*Data shown:*
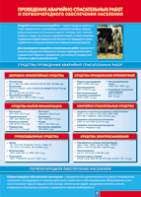 Таблица "Проведение аварийно-спасательных работ" (100х140 сантиметров, винил) - fgospostavki.ru - Тихорецк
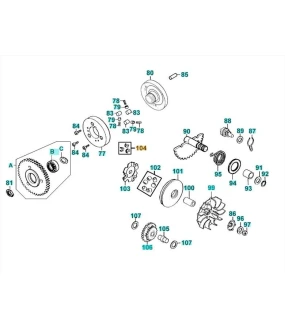 ΟΔΗΓΟΣ ΒΑΡΙΑΤΟΡ (SET/3) KYMCO KB/TOP BOY 100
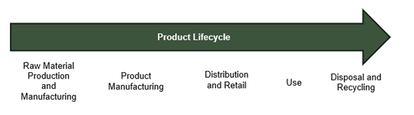 Product lifecycle demonstration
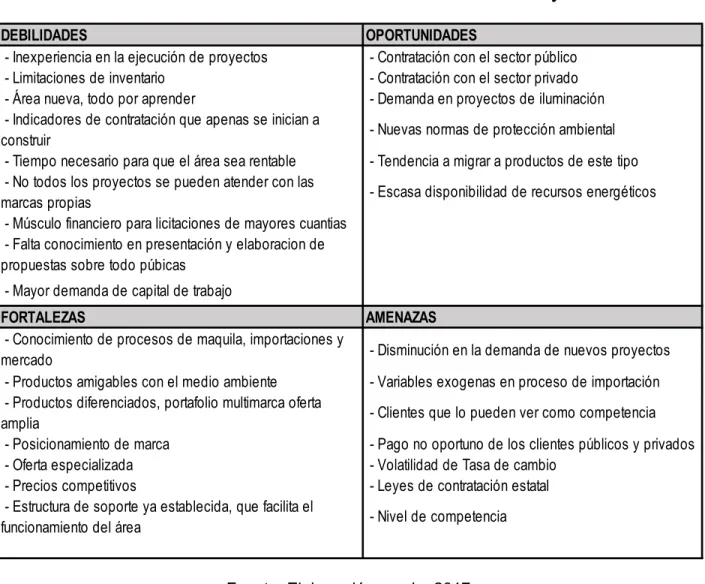 Tabla 3.  Análisis  DOFA  del área de proyectos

*Exercise aim:* Copy out all the data exactly. No images belong in the copy.

*Task result:*
 Таблица "Проведение аварийно-спасательных работ" (100х140 сантиметров, винил) - fgospostavki.ru - Тихорецк
 ΟΔΗΓΟΣ ΒΑΡΙΑΤΟΡ (SET/3) KYMCO KB/TOP BOY 100
 Product lifecycle demonstration
 Tabla 3.  Análisis  DOFA  del área de proyectos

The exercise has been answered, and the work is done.